• _WORK REQUIRED_
Retype only the lines at the head of the records, first through the one with "Buffalo Bills 2020", exactly as written.
◆ ◆ ◆
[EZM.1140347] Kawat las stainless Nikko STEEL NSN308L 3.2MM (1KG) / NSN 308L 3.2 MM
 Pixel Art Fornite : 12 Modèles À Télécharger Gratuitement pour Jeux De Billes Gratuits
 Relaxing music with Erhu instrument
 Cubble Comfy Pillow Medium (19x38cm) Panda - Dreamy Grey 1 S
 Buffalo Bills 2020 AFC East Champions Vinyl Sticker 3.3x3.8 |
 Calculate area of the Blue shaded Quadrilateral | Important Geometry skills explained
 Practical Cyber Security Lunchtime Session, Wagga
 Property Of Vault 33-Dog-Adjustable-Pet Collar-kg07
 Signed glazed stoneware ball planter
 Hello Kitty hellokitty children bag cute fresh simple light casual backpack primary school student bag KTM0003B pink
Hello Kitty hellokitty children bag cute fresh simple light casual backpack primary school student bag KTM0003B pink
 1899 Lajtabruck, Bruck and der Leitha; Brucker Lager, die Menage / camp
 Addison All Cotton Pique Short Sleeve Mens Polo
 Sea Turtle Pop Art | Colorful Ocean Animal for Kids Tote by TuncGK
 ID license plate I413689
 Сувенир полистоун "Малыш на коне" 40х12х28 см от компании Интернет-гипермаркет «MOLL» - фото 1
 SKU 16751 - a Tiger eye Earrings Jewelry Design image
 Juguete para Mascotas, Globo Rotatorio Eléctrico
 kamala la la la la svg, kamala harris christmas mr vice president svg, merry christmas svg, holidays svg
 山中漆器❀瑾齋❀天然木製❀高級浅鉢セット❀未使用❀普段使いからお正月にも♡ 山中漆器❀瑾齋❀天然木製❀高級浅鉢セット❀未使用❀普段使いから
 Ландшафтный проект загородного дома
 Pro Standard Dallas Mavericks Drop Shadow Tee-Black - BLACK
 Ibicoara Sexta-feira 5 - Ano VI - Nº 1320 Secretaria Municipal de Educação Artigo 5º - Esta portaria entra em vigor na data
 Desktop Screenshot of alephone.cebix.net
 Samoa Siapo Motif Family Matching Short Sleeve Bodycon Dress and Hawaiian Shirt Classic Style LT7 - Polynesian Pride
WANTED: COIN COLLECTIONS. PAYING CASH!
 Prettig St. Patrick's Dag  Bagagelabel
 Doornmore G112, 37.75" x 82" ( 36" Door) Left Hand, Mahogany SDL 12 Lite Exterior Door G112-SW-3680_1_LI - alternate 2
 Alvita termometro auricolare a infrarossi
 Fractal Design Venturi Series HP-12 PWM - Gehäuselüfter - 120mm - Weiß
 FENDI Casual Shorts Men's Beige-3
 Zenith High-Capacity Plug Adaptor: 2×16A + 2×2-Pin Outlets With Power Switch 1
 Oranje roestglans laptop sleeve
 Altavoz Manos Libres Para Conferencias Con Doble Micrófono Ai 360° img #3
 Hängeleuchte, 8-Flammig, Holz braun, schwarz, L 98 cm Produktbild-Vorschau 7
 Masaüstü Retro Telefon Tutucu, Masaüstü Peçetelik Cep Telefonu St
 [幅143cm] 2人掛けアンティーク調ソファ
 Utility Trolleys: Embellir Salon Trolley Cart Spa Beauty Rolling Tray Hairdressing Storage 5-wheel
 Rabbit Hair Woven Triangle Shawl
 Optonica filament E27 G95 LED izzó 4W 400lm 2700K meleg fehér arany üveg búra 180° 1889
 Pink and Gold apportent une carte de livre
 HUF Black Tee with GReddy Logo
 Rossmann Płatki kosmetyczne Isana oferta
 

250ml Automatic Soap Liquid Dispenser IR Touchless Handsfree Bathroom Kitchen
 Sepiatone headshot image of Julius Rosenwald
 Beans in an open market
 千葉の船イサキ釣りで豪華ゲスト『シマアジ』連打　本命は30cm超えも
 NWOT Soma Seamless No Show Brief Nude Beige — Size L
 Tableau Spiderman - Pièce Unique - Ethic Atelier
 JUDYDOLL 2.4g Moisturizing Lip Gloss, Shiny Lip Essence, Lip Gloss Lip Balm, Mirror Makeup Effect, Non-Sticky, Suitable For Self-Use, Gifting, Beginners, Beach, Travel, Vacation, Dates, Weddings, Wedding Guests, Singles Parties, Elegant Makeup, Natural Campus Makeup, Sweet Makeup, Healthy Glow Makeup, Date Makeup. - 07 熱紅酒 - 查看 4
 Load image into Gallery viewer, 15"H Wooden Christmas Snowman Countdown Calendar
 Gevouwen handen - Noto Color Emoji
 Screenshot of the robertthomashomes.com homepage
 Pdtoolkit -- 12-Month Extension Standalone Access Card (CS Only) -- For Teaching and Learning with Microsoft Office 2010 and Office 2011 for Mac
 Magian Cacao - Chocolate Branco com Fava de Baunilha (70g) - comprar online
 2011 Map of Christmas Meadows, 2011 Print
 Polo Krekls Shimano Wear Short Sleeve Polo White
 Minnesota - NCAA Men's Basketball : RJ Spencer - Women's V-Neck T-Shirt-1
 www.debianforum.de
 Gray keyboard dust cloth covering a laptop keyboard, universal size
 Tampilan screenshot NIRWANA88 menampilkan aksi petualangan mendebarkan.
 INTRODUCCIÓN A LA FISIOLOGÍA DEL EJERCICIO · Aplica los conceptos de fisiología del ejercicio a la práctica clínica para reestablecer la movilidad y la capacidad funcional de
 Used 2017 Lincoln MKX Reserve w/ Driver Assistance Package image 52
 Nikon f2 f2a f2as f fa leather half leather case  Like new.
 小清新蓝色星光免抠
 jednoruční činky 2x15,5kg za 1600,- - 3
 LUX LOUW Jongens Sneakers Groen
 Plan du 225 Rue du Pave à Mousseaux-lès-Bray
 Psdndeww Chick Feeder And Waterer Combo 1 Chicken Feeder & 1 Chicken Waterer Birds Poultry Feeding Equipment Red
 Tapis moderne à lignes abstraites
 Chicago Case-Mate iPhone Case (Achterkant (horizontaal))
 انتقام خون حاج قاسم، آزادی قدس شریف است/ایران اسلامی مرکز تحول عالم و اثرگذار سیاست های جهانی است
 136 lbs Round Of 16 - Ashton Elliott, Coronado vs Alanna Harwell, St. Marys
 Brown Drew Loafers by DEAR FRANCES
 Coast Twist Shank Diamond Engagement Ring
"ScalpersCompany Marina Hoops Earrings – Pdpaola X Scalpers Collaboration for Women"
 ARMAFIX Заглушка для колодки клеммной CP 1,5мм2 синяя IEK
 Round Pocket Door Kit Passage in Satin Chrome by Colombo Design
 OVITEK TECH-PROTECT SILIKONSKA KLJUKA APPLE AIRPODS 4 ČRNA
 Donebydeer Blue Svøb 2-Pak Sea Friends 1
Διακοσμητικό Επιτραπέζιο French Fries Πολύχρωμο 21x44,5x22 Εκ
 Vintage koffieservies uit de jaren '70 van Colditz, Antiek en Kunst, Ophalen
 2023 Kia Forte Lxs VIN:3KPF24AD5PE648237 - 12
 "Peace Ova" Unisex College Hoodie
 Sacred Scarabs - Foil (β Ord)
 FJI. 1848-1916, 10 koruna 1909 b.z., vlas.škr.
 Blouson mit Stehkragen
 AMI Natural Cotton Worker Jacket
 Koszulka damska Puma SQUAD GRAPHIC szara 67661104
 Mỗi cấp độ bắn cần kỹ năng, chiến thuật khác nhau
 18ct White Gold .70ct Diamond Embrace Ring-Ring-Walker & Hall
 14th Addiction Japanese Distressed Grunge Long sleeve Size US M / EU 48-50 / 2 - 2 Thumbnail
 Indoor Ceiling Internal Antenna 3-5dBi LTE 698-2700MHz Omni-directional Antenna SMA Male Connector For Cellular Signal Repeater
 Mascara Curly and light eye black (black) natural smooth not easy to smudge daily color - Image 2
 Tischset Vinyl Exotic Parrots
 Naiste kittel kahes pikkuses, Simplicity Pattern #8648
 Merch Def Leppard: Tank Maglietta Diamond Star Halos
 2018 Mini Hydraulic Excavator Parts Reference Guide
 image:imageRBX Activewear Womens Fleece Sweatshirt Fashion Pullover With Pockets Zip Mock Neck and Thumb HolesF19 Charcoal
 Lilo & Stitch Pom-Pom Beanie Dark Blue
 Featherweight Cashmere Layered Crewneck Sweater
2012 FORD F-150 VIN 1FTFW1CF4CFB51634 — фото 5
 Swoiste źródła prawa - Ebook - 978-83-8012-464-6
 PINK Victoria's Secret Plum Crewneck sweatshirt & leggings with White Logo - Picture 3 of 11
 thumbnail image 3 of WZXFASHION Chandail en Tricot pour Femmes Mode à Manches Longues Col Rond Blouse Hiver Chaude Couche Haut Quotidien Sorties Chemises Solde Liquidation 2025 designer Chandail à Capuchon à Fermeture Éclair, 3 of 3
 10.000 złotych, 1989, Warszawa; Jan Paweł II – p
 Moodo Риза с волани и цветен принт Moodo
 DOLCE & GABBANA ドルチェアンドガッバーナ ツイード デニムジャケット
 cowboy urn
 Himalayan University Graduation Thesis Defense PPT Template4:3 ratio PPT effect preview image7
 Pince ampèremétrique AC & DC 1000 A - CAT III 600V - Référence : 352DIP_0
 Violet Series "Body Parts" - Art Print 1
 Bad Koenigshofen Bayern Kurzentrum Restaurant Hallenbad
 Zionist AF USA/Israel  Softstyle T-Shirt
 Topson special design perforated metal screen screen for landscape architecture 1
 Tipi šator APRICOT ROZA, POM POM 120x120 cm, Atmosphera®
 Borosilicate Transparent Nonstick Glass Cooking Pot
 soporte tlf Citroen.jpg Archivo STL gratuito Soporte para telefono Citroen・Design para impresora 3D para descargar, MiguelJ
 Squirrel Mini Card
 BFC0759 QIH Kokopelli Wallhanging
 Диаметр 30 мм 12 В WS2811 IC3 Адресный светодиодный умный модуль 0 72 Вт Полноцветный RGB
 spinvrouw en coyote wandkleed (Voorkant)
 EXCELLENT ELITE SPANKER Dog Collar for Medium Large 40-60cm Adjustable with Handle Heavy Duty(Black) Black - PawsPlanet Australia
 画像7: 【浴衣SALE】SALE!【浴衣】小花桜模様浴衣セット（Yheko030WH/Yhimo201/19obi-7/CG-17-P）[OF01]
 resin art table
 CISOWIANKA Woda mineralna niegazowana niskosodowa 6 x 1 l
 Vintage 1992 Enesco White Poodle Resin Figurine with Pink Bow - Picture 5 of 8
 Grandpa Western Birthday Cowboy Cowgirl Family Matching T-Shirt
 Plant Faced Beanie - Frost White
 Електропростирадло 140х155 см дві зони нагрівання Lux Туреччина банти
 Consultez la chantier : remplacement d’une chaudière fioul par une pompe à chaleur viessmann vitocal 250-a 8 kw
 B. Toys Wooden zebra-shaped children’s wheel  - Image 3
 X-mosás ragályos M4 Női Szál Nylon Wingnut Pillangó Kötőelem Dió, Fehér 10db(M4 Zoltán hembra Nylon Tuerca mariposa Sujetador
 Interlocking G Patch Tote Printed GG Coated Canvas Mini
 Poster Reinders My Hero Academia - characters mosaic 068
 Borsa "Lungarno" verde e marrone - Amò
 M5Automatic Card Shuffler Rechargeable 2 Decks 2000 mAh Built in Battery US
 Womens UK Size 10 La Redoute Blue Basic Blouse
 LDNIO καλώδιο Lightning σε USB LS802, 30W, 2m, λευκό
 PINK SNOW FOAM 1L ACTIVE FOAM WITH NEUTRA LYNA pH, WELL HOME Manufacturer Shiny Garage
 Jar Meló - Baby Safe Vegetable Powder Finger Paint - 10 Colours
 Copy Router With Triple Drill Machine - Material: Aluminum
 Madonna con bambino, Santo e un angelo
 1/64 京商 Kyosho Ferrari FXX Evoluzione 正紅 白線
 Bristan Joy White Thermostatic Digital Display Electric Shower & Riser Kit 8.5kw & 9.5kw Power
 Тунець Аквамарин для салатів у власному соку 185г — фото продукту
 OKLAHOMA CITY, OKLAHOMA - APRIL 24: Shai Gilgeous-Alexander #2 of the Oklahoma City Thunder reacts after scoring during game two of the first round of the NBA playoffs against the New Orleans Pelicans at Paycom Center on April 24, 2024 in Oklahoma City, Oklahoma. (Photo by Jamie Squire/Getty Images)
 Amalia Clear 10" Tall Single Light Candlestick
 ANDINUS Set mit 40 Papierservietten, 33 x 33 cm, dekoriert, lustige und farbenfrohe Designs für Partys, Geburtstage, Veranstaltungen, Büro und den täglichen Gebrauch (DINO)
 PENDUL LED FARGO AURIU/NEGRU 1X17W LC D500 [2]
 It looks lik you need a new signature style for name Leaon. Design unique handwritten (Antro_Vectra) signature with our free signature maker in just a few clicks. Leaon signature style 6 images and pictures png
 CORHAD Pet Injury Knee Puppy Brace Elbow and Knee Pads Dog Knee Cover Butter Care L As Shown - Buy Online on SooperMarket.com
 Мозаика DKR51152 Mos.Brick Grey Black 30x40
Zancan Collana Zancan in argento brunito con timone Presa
◆ ◆ ◆
• _RESPONSE TO THIS EXERCISE_
[EZM.1140347] Kawat las stainless Nikko STEEL NSN308L 3.2MM (1KG) / NSN 308L 3.2 MM
 Pixel Art Fornite : 12 Modèles À Télécharger Gratuitement pour Jeux De Billes Gratuits
 Relaxing music with Erhu instrument
 Cubble Comfy Pillow Medium (19x38cm) Panda - Dreamy Grey 1 S
 Buffalo Bills 2020 AFC East Champions Vinyl Sticker 3.3x3.8 |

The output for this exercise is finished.